A ANTROPOLOGIA URBANA E A ETNOGRAFIA DOS CENTROS HISTÓRICOS – II
OS CASTELHANOS OU A “COMUNIDADE IMAGINADA”
(Publicado no Badaladas em 18 Março 2011)
Joaquim Ribeiro
Tal como outros, o Centro Histórico de Torres Vedras tem uma delimitação territorial definida pela necessidade de centralizar o património. É um local que o poder político convencionou chamar assim. Fê-lo na tentativa de criar regras, para impedir que continuasse a sua descaracterização. Para isso foram definidos limites desse território: a norte no rio Sizandro, a poente na rua São Gonçalo de Lagos e a nascente na Corredoura e rua 1o de Dezembro. A sul termina na rua Paiva de Andrada e podemos para já questionar a exclusão, por exemplo, do convento da Graça. Esta delimitação terá resultado da necessidade de classificar edifícios consoante uma hierarquia de valores, de acordo com a Carta de Veneza (1964), considerando os monumentos como integrantes de um ambiente urbano que vale pelo seu conjunto e é assim mais eficaz uma preservação da memória colectiva.
Não existem muitos trabalhos de investigação antropológica sobre a patrimonialização destes locais, com excepção para o de Alice Carneiro, sobre o Centro Histórico de Guimarães. Sendo as pessoas o objecto de estudo principal num trabalho de campo antropológico, a minha pequena incursão centrou-se sobretudo na função actual dos edifícios, forma de apropriação dos mesmos e a importância do território para a população.

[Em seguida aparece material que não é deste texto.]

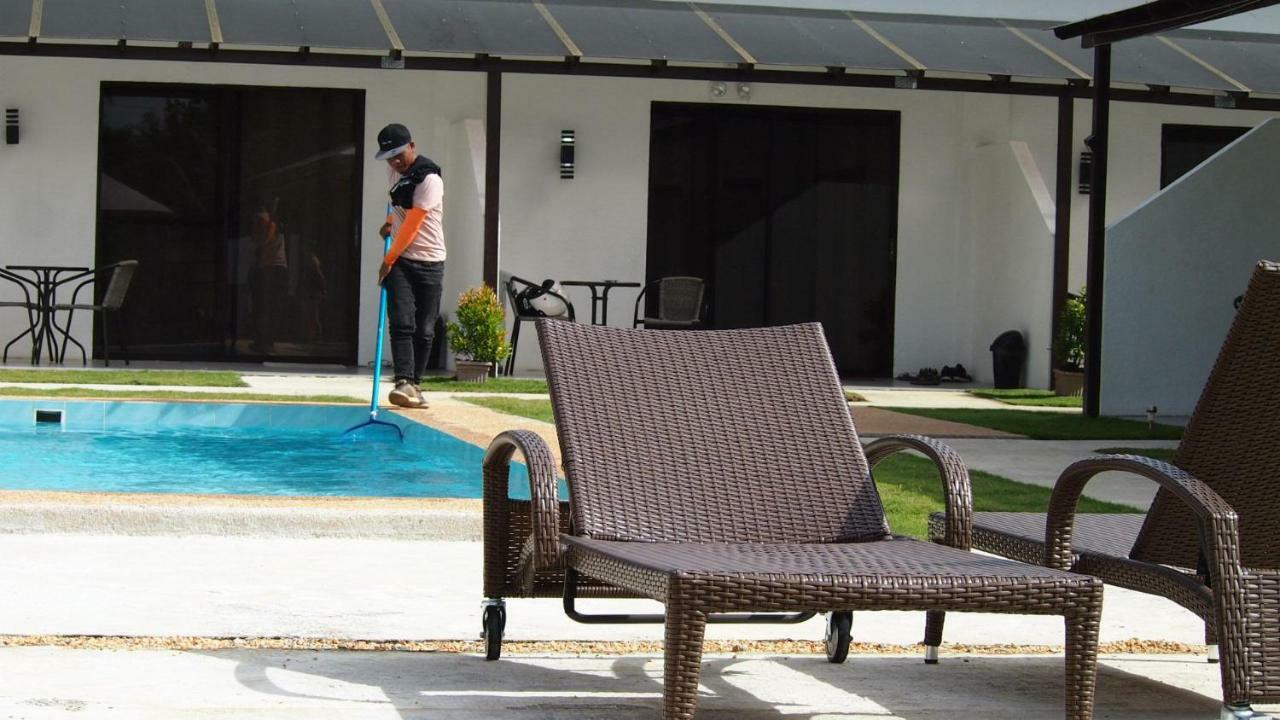 Panglao Moravian Apartments Exteriör bild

Não obstante o aparecimento de novas centralidades - grandes superfícies comerciais, zonas residenciais modernas, Centro de Saúde, parque verde da Várzea, praça Calouste Gulbenkian, avenida general Humberto Delgado, o parque escolar da Conquinha, etc -, a periferia do Centro Histórico continua a ser considerada o centro da cidade: a área entre os Paços do Concelho, igreja de São Pedro, Mercado Municipal e ruas pedonais Serpa Pinto, 9 de Abril e 10 de Dezembro, são ainda o coração da urbe. Contraditoriamente, se a periferia é o centro, à medida que avançamos para o núcleo do Centro Histórico aproximamo-nos da periferia da cidade. E também encontramos cada vez menos gente. A seguir ao largo frei Eugénio Trigueiros (antigo largo do Grilo) até ao largo coronel Morais Sarmento, às portas do Castelo, as ruas apresentam-se mais vazias e são as paredes que em si mesmas se revelam guardiãs da memória colectiva, embora profundamente descaracterizadas: prédios de arquitectura recente e outros com elementos modernos misturam-se no conjunto.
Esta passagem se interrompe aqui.